__WHAT THE EXERCISE ASKS__: Up to and including the line bearing "Transforming the Organization", output every line of the entries exactly as written, starting from the first; pictures stay out.

——

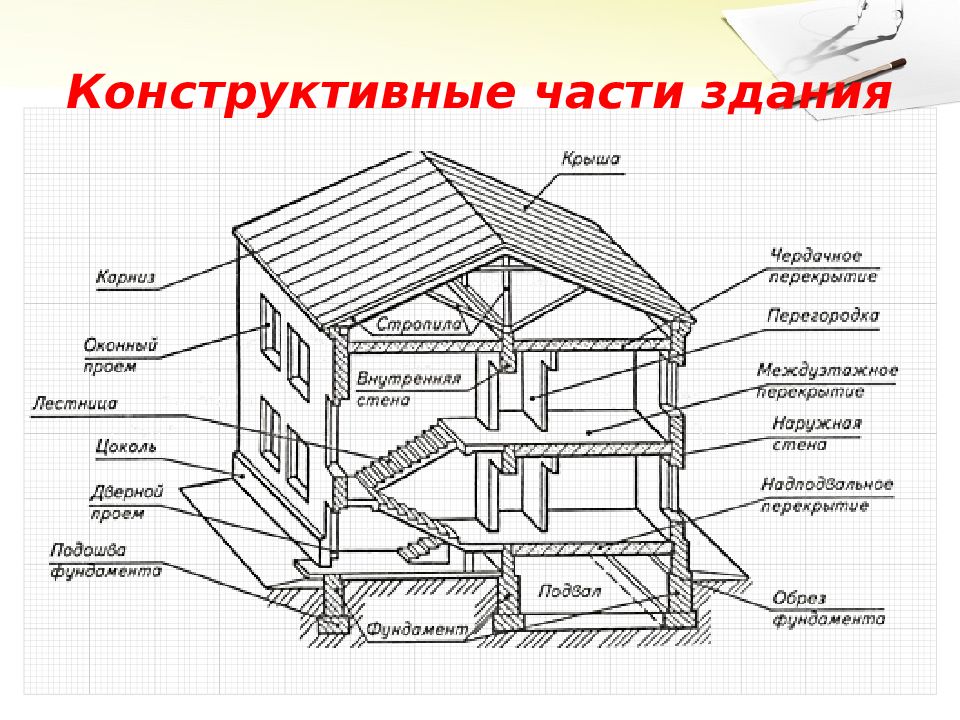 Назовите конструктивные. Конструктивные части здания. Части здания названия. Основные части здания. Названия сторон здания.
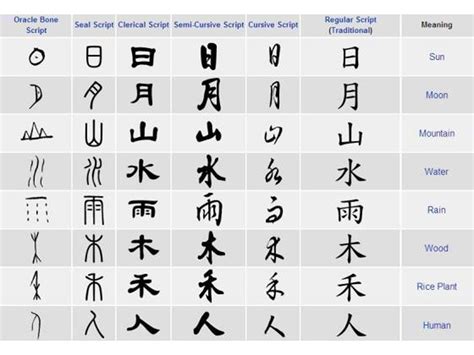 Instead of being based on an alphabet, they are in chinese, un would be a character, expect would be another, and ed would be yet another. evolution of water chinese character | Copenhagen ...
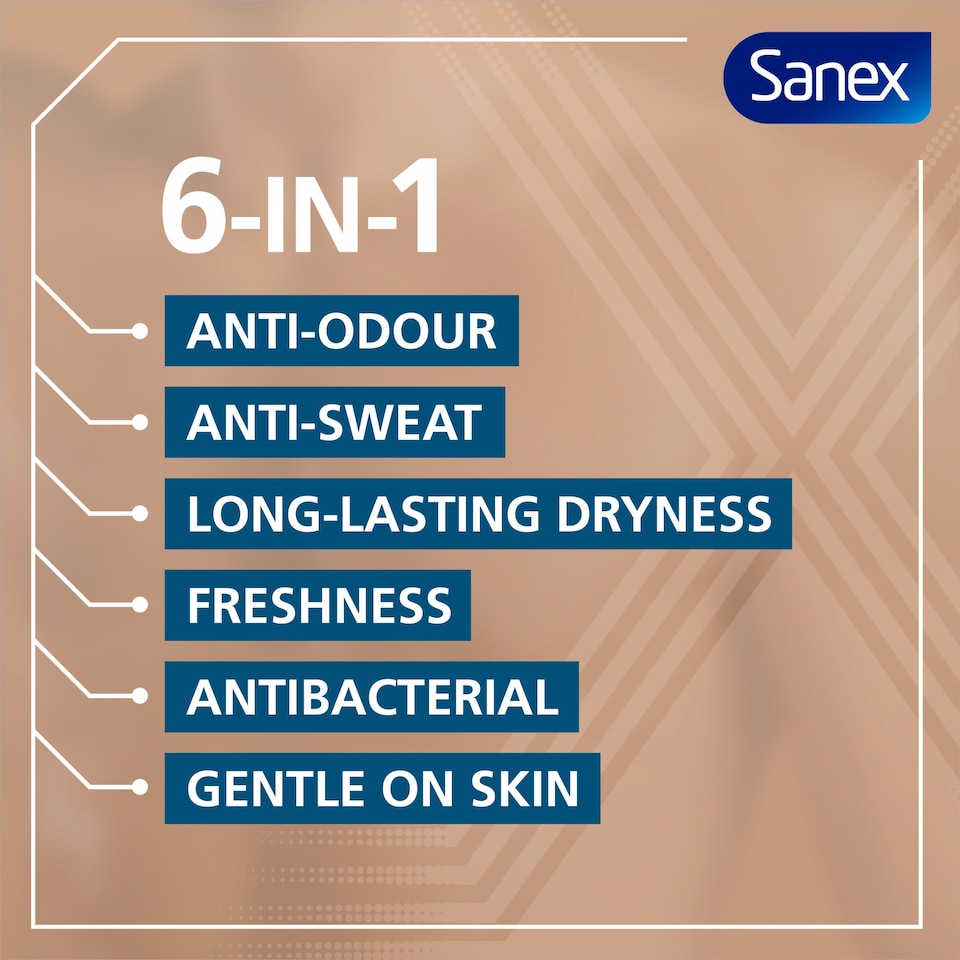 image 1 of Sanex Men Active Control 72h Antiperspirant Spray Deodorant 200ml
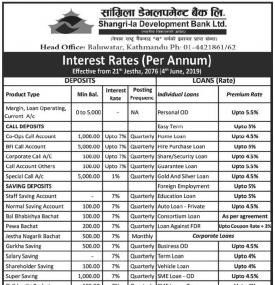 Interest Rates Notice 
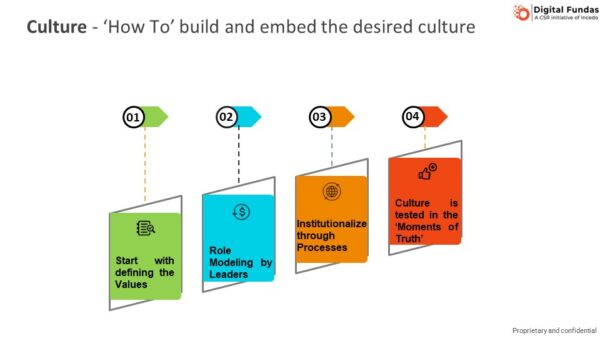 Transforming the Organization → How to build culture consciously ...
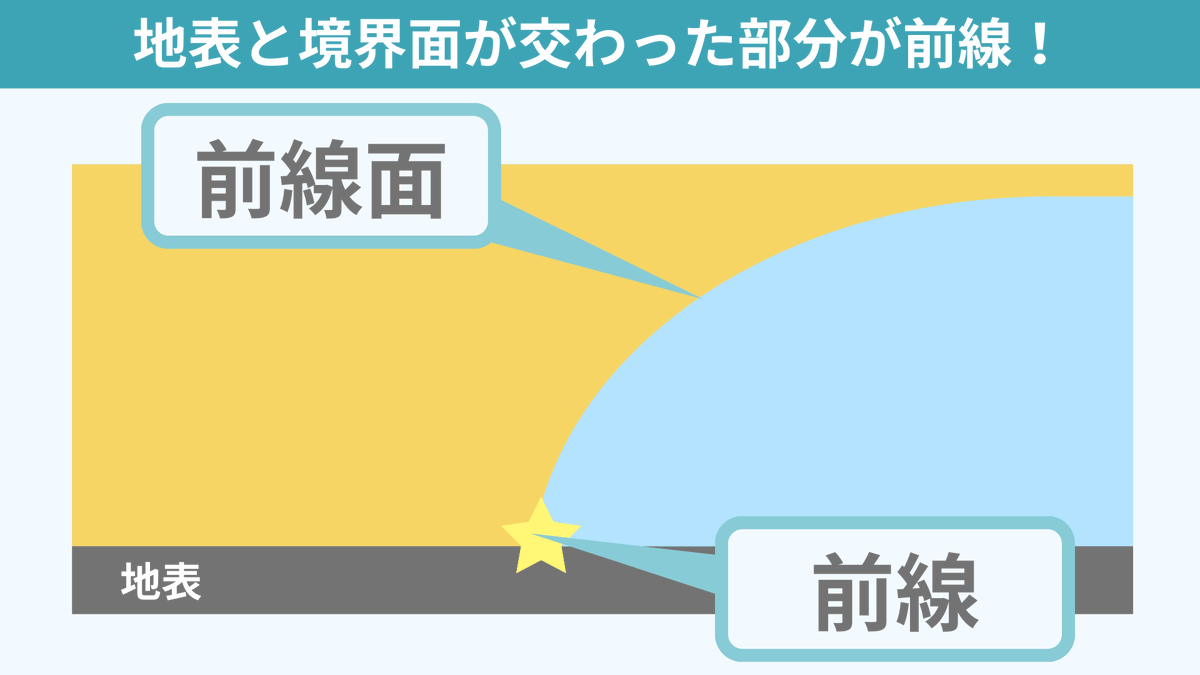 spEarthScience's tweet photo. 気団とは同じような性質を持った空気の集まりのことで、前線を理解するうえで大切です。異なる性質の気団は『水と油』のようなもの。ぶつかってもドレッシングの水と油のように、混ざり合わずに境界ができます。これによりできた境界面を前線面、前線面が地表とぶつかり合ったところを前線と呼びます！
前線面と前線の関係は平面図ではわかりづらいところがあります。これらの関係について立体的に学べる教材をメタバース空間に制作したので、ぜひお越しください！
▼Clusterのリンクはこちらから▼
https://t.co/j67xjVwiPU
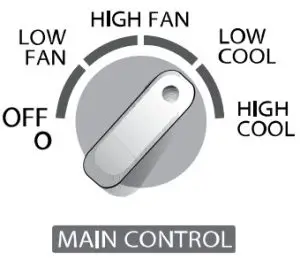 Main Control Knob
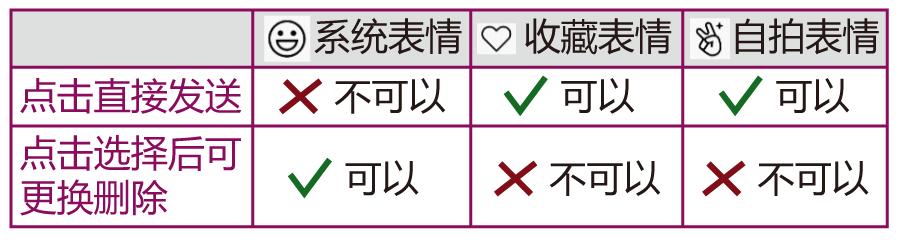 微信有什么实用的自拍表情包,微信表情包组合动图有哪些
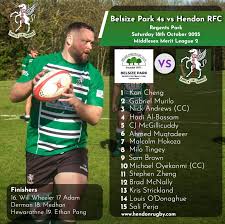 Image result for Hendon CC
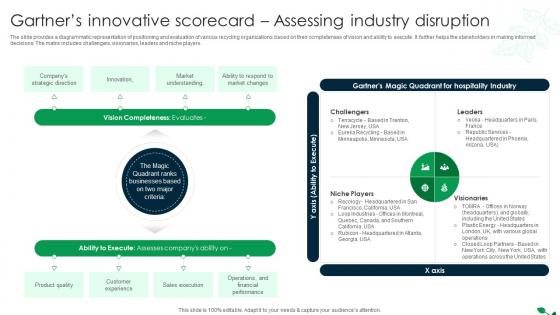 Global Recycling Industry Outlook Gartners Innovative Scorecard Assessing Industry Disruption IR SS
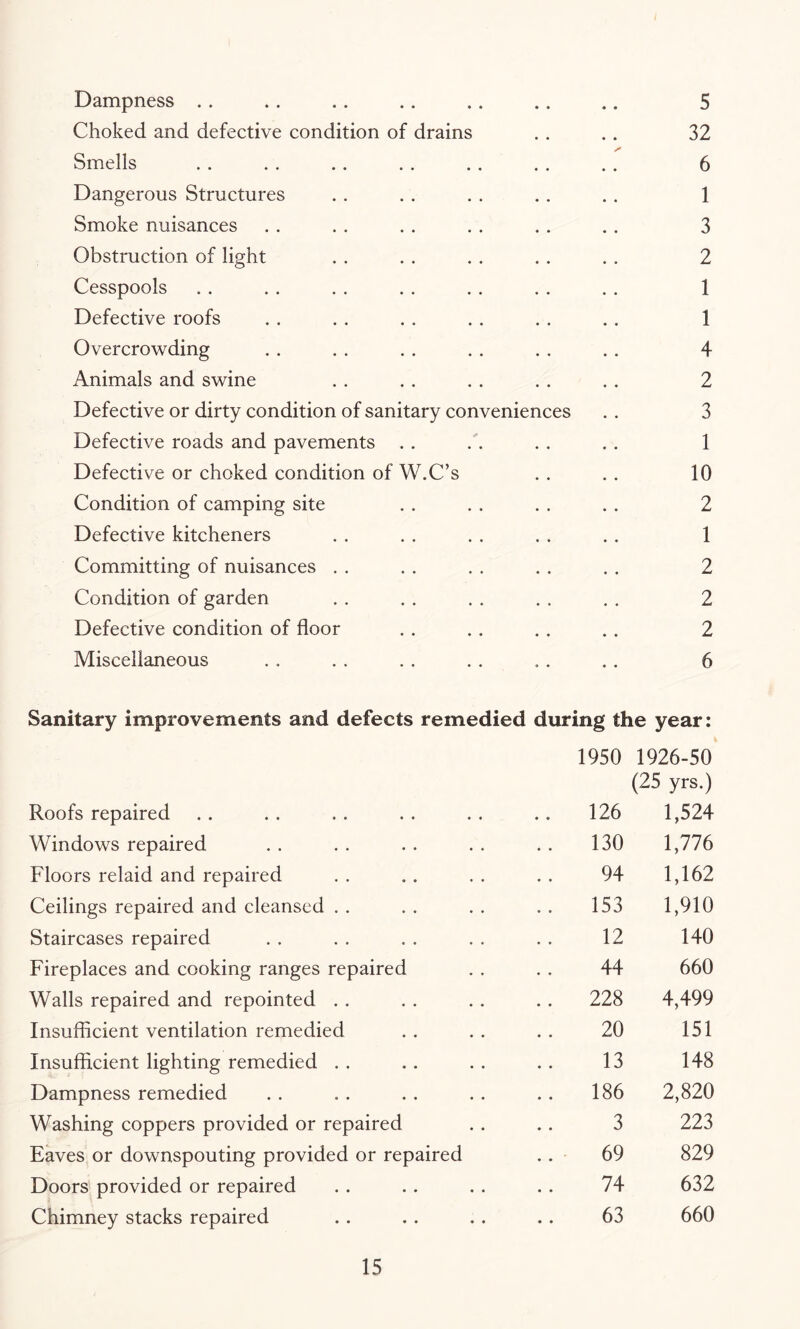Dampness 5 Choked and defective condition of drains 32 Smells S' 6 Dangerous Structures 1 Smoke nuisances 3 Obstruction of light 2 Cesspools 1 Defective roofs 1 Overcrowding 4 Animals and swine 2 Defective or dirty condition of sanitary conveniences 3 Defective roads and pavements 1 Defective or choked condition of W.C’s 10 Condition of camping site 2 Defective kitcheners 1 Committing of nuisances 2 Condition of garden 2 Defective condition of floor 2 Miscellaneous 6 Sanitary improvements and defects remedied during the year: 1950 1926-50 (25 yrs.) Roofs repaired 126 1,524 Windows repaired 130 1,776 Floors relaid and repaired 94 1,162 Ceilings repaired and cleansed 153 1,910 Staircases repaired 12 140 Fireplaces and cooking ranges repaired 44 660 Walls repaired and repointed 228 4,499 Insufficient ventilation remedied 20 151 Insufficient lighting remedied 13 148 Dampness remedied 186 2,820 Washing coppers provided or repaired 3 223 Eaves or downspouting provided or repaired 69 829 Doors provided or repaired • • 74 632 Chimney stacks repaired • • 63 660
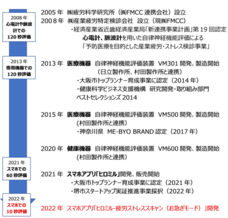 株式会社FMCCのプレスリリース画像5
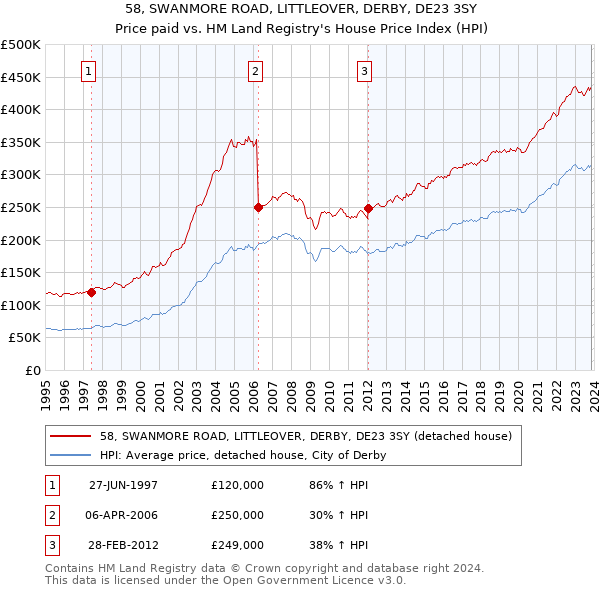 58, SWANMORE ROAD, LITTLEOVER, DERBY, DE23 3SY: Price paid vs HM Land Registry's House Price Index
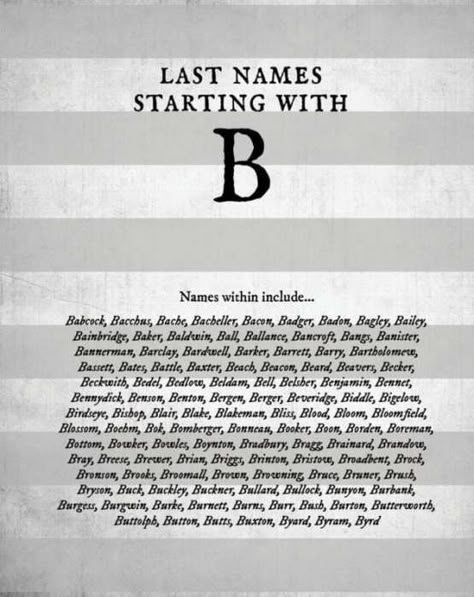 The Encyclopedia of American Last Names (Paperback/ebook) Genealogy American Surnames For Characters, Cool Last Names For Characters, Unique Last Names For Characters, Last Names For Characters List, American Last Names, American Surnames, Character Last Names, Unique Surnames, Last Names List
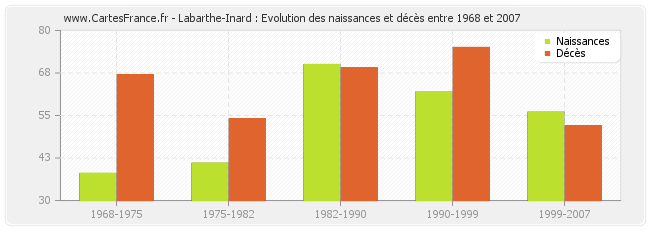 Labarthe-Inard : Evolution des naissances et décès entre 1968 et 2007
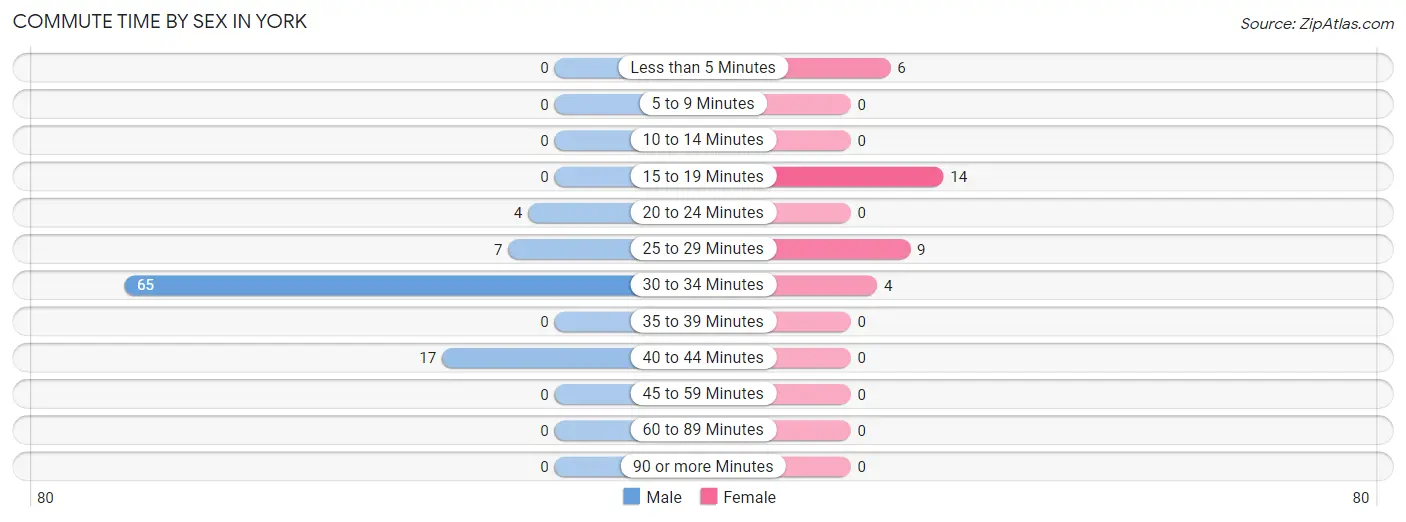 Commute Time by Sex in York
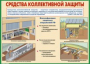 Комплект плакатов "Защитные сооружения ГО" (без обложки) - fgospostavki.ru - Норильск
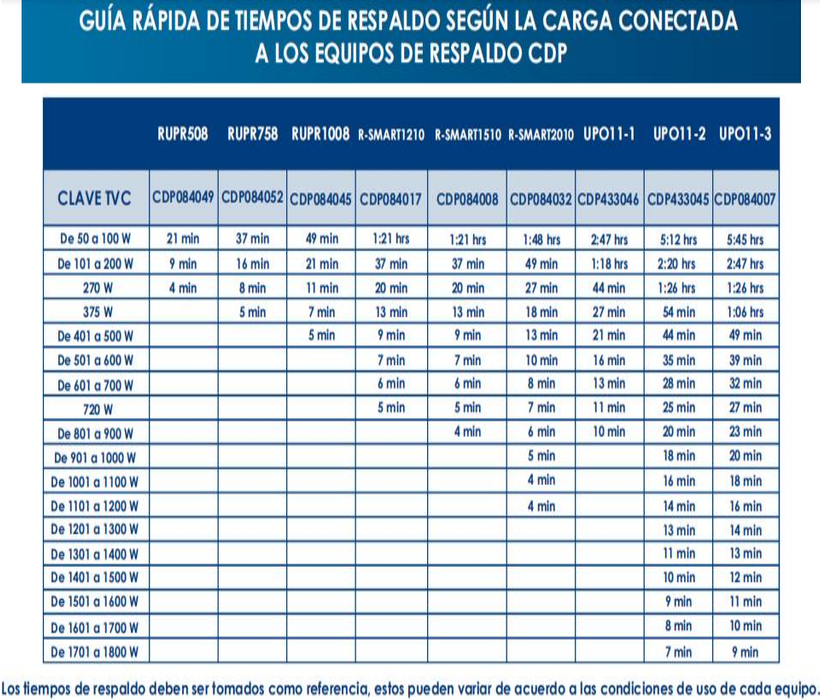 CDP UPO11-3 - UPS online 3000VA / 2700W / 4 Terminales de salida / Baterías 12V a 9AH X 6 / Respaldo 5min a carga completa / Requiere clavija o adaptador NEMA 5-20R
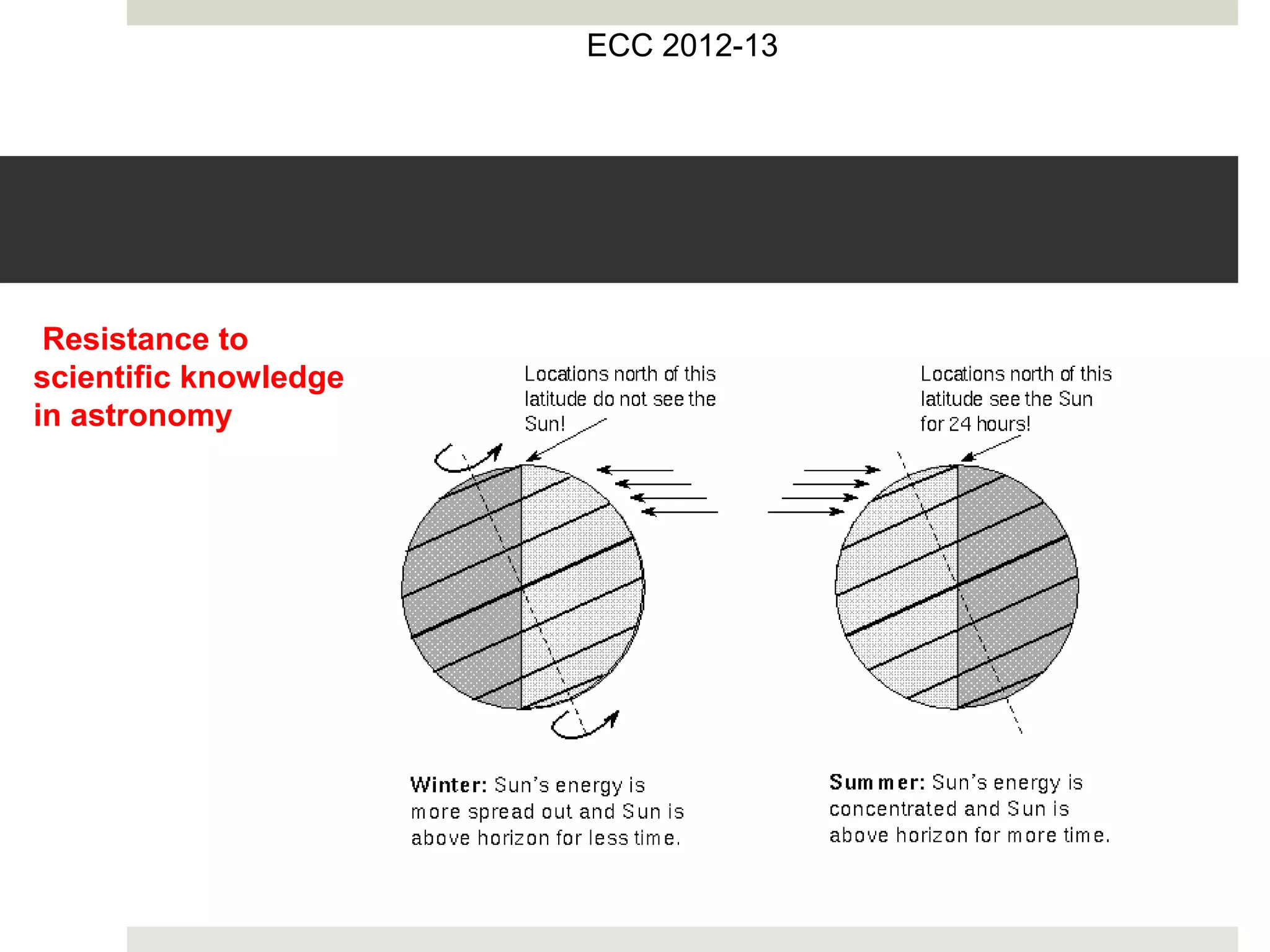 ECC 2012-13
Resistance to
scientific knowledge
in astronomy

——

__ANSWER TO THE EXERCISE__:
 Назовите конструктивные. Конструктивные части здания. Части здания названия. Основные части здания. Названия сторон здания.
 Instead of being based on an alphabet, they are in chinese, un would be a character, expect would be another, and ed would be yet another. evolution of water chinese character | Copenhagen ...
 image 1 of Sanex Men Active Control 72h Antiperspirant Spray Deodorant 200ml
 Interest Rates Notice 
 Transforming the Organization → How to build culture consciously ...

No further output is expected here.